1. Field of the Invention
The present invention relates to a system and method of providing at least one recommended item and usage for at least one item to an on-line user based on similarities of usage behaviors of the on-line user and other users.
2. Description of Related Art
The enjoyment of particular items is a subjective judgment made by individuals based on any number of criteria, not least of which is the manner in which the item is used. The ability to make acceptable recommendations to a particular person about a given item such as, for example, a book, can be helpful. Such information would enable a person to, e.g., quickly skim a book that is not enjoyable to read in order to extract the key facts, while leisurely perusing an enjoyable book, e.g., rereading some chapters multiple times in order to savor the choice of expressions. There are many critics that rate books. Therefore, an individual can try to identify a critic with somewhat similar preferences as a source for selecting books to read and for suggestions on how best to enjoy a book.
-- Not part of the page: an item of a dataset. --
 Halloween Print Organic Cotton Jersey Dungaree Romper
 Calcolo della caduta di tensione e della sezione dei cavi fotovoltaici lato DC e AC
However, relying on a critic is not reliable on a regular basis as the critic may not have the same particular likes and dislikes as the reader, and typically the critic provides little indication of the manner in which he read a book.
Prior art systems have attempted to provide recommendations to a user based on, e.g., buying patterns of items or explicit ratings of items provided by the user as compared with other, similar, users. For example, collaborative filtering systems operate generally by asking many users to rate an item that the user is familiar with, and storing these ratings within user-specific rating profiles. To identify items that may be of interest to a particular user, a service correlates the user's rating profile to the profiles of other users to identify users with similar tastes. When applied over large databases of user rated data, this type of analysis can produce recommendations that are valuable to both users and merchants.
However, while collaborative filtering utilizes information obtained through collecting and analyzing an individuals' buying preferences, information on an individual's behaviors in using an item are typically not captured.
Thus one problem with current collaborative filtering is that such information does not provide a means to determine a reader's objectives in reading a particular book. For instance, some books, such as textbooks or reference books, are read primarily to determine certain facts, while novels are typically read from cover to cover to enjoy the story. Such objectives are important in determining other related books to recommend, as well as in determining a suggested reading pattern for a recommended book. Thus current collaborative filtering techniques fail to capture key aspects of how an item is used, which reduce the effectiveness of such techniques in providing accurate recommendations.
The present invention addresses these and other problems that are inherent with existing collaborating filtering systems to enable improved on-line recommendations.
In an embodiment there is disclosed a method of providing online recommendations, comprising:
capturing, for one or more users, at a respective client device, usage characteristics of each users' navigation to and use of one or more items, from among a plurality of items of an item set, on-line, via a respective user interface;
obtaining corresponding profile information for each respective user, said profile information including user attributes;
storing said usage characteristics and corresponding profile of each one or more users; and, for a current user navigating online to said set of items:
deriving an item recommendation and associated usage of said item for said current online user based on items of said item set navigated to and used by other online users having similar profiles; and,
recommending for said current user, via that current user's user interface, usage of an on-line item from among said set of items, wherein a programmed processing unit performs one or more said capturing, obtaining and deriving.
In another embodiment there is disclosed a system for providing online recommendations comprising:
a memory;
a processor in communications with the memory, wherein the system performs a method comprising:
capturing, for one or more users at a respective client device, usage characteristics of each users' navigation to and use of one or more items, from among a plurality of items of an item set, on-line, via a respective user interface;
obtaining corresponding profile information for each respective user, said profile information including user attributes;
storing said usage characteristics and corresponding profile information of each of one or more users; and, for a current user navigating online to said set of items:
deriving an item usage recommendation for said current online user based on items of said item set navigated to and used by other online users having similar profiles; and,
recommending for said current user, via that current user's user interface, an on-line item and its suggested usage from among said set of items, wherein a programmed processing unit performs one or more said capturing, obtaining and deriving.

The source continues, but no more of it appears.